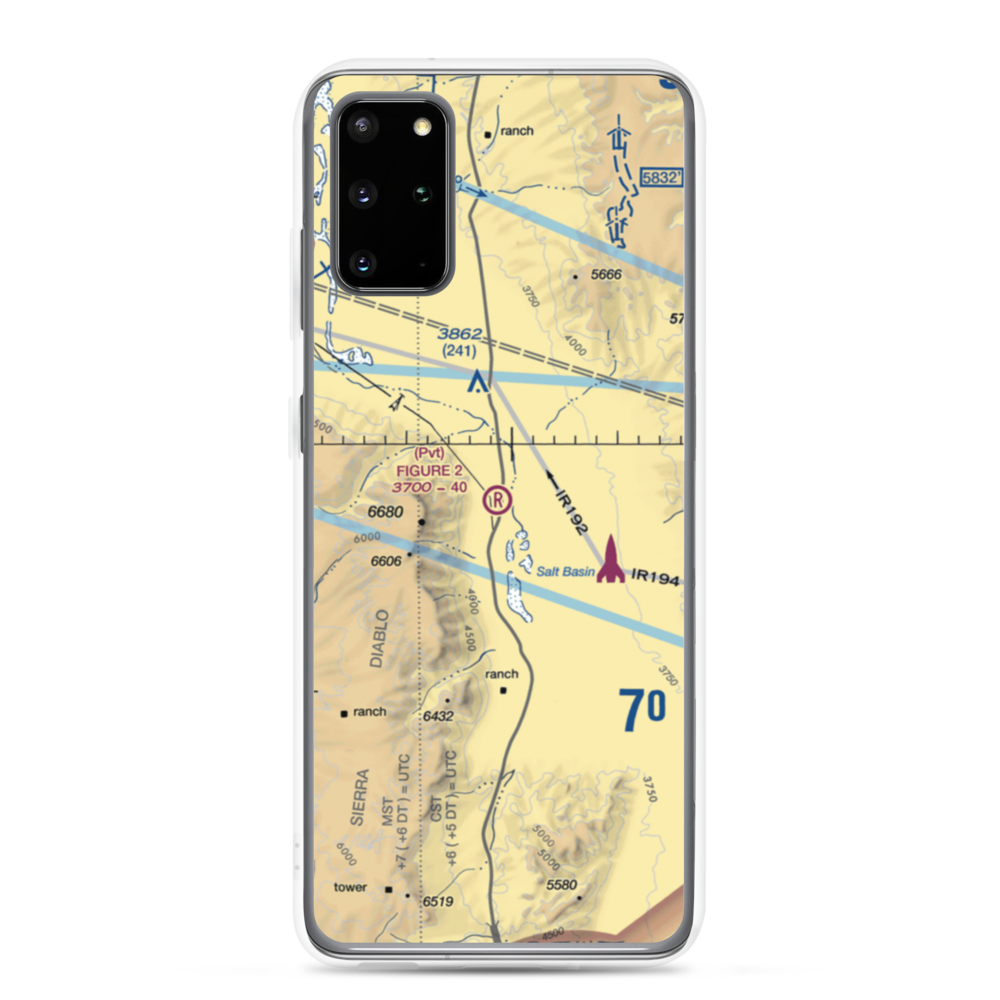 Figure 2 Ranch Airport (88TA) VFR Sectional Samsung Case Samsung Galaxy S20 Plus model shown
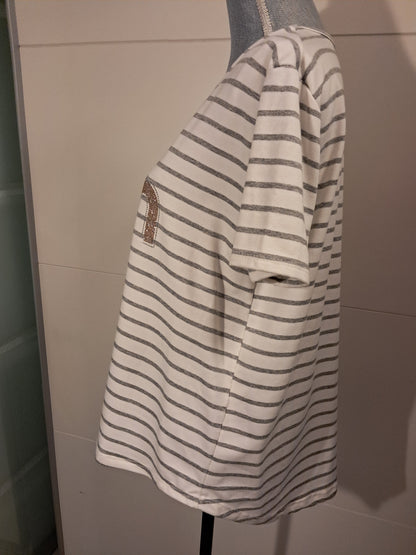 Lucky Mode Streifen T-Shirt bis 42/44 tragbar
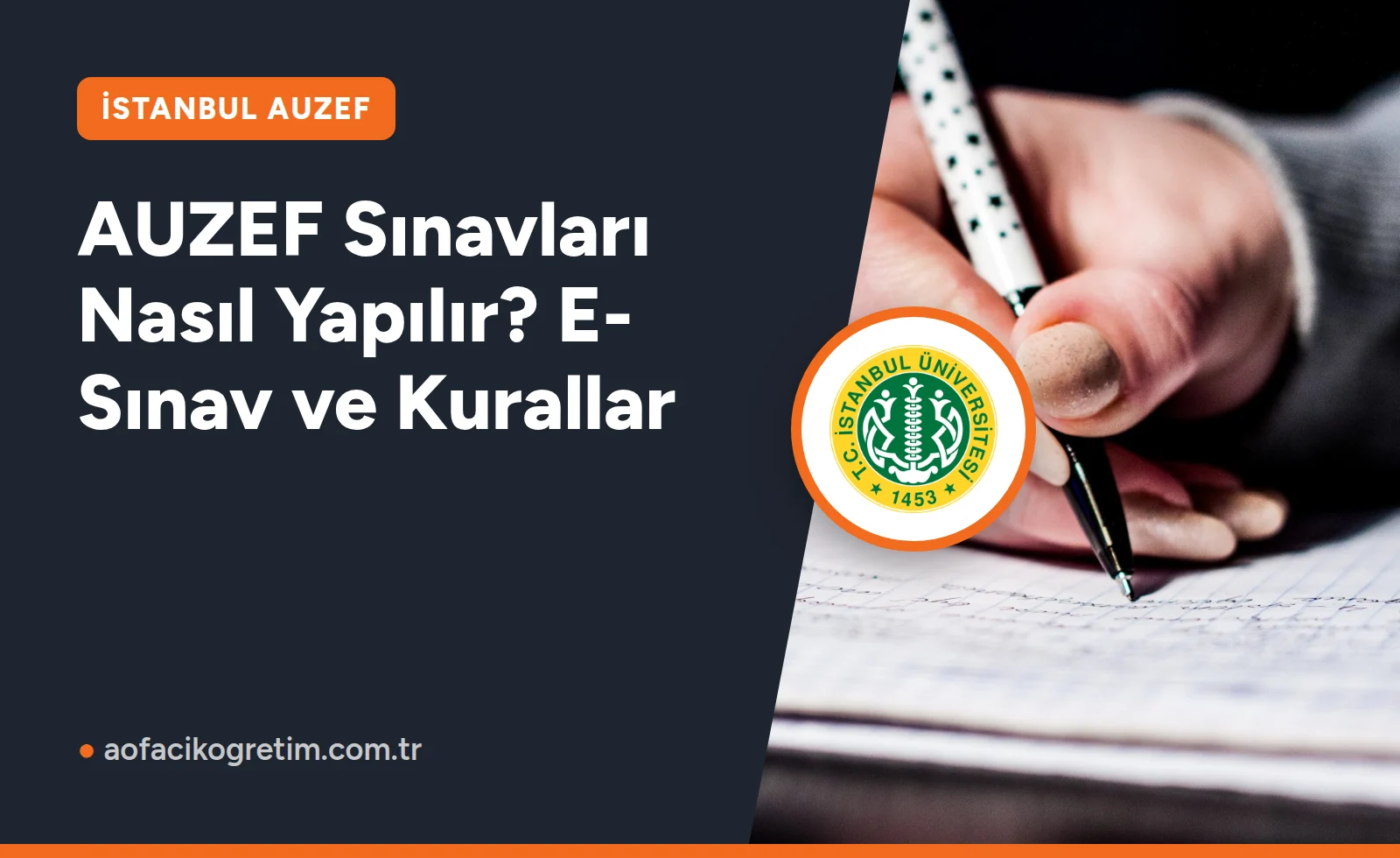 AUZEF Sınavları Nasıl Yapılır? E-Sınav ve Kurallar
* * *
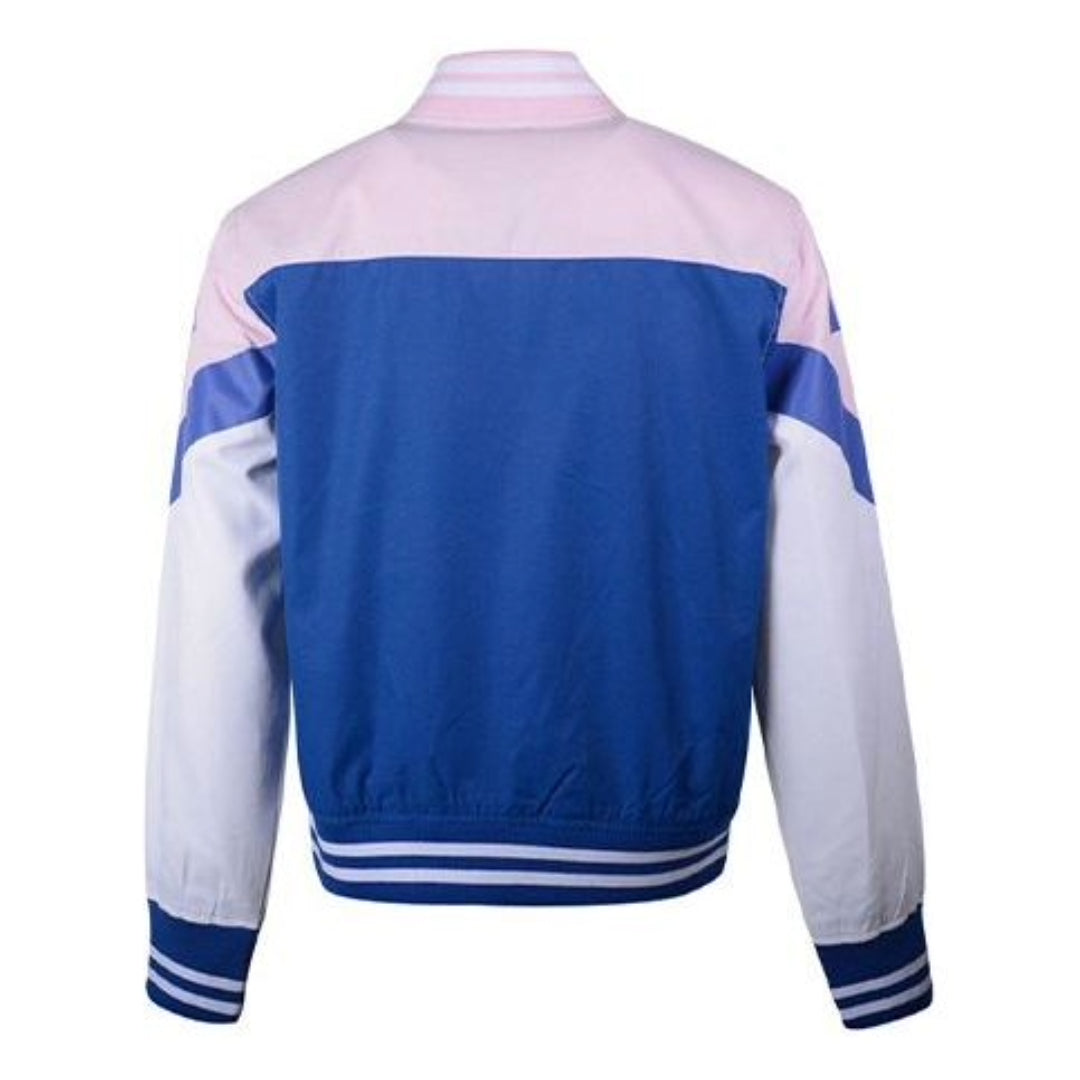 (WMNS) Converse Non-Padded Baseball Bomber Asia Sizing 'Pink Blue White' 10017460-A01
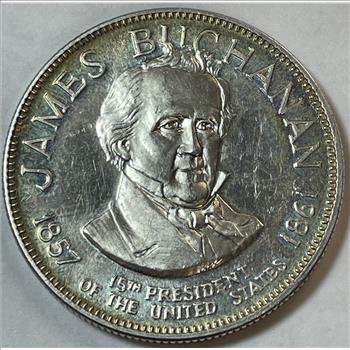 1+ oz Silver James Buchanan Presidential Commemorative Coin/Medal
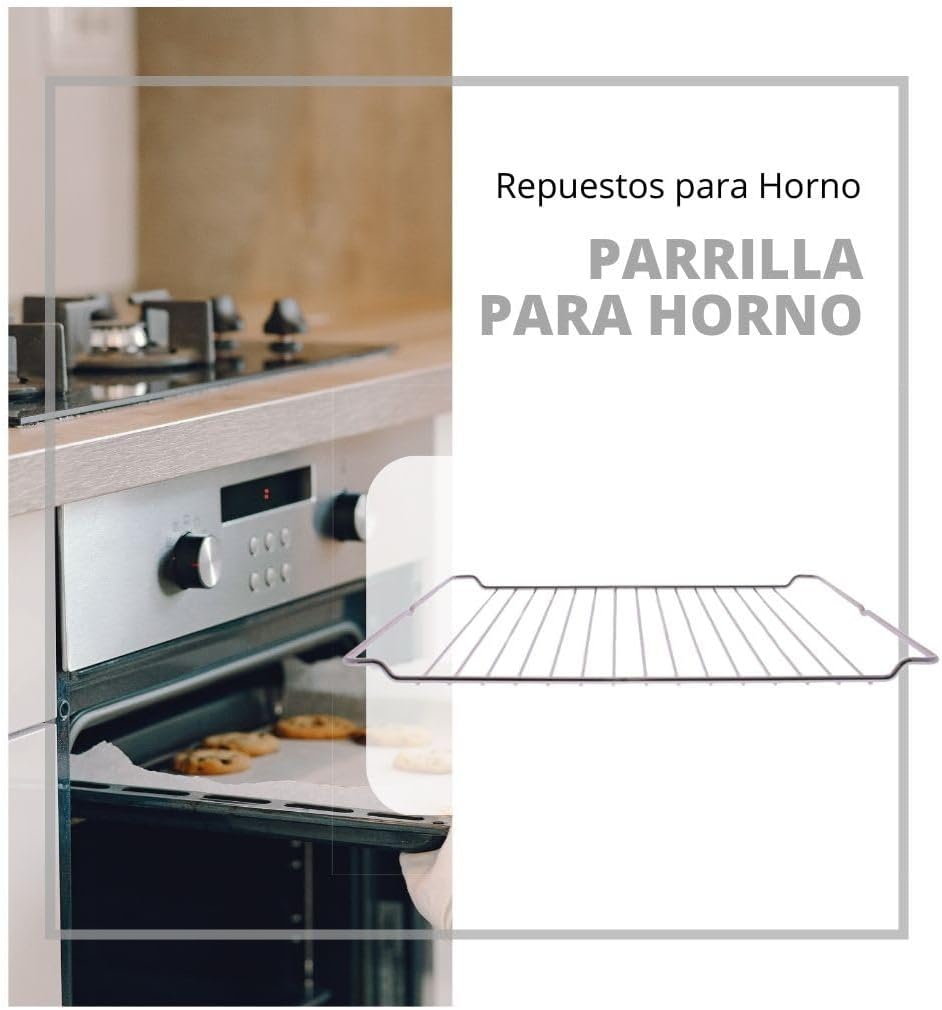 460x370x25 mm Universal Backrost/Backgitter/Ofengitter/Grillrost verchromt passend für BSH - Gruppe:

| WHAT THE TASK REQUIRES |
Though the entries above contain pictures, none should be copied; reproduce only the lines between the one holding "Figure 2 Ranch" and the one holding "AUZEF Sınavları Nasıl", inclusive, exactly as written.

| RESPONSE FOR THIS EXERCISE |
 Figure 2 Ranch Airport (88TA) VFR Sectional Samsung Case Samsung Galaxy S20 Plus model shown
 Lucky Mode Streifen T-Shirt bis 42/44 tragbar
 AUZEF Sınavları Nasıl Yapılır? E-Sınav ve Kurallar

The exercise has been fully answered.